This is especially true, there's an entire category of executive communication skills, I think that's one way to talk about it. And executives are certainly one target. I find it's really just human communication skills though, in understanding what those people need and what they want and what data and tools they have at their disposal to take actions is incredibly important to having a successful communication with them.
So I have definitely taught many people on how do you even start to think about that, right? Who is your audience? What do you mean tools that they have? What do you mean levers they have to pull? What data do they swim in all day? Who do they talk to? And what does success look like for them?
Because that could be different in the same meeting if you have a designer and a product manager and a QA person and a vice president. Every single one of them wants a different thing, often, out of that communication and the decision making that happens, which is a whole other chapter.
And so finding a way, and I won't say I'm perfect at this by any means, but it's a continual process of trying to basically "win" in that meeting by getting people what they need to move forward.
And understanding that that may be six to eight to 10 different things.

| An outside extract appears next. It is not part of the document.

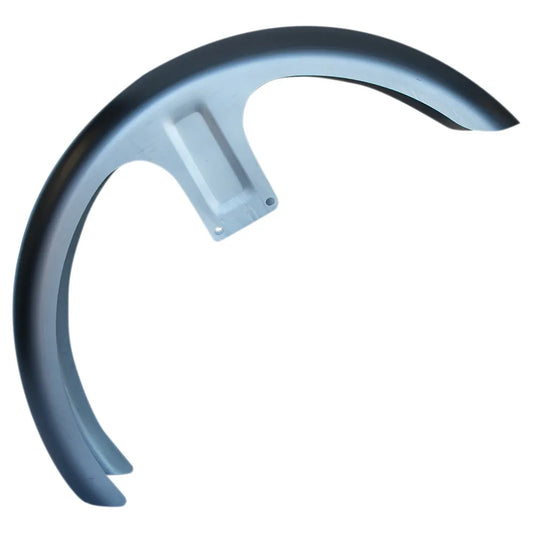 Custom Dresser Front Fender for 26" Wheel - Steel - LS-2 Style - 6" W x 49" L323905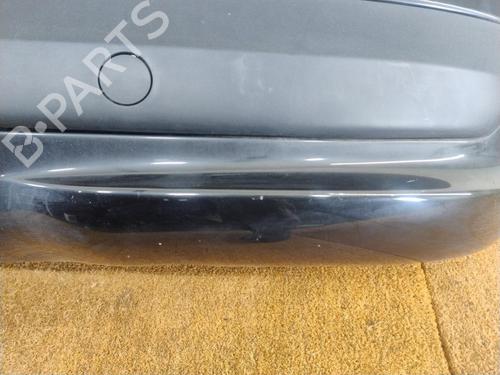 Rear bumper PEUGEOT 207 (WA_, WC_) 1.4 16V | BP29644445C8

And that can be challenging, especially when, again, you're not dictating an agenda, you're not dictating a dialogue or a monologue with these people. You're having a conversation. It's very messy. It's very human.
How do you figure out what each person needs from you?
The short answer is relationship building. And the longer answer is relationship building and pattern matching.
There's really no substitute to learning what people need and do in their jobs. Actually having a conversation with a product manager and learning, "how did you get into this? Why do you do this profession? What motivates you? What are some of your biggest successes? What are some of your biggest failures? Who's your favorite person you've ever worked with?"
I do casual interviewing, basically, of people to try to understand what works for them and what doesn't and why. And what I'm doing there is really trying to assemble an overall picture, so that I can empathize fully or as close to fully as possible with their position.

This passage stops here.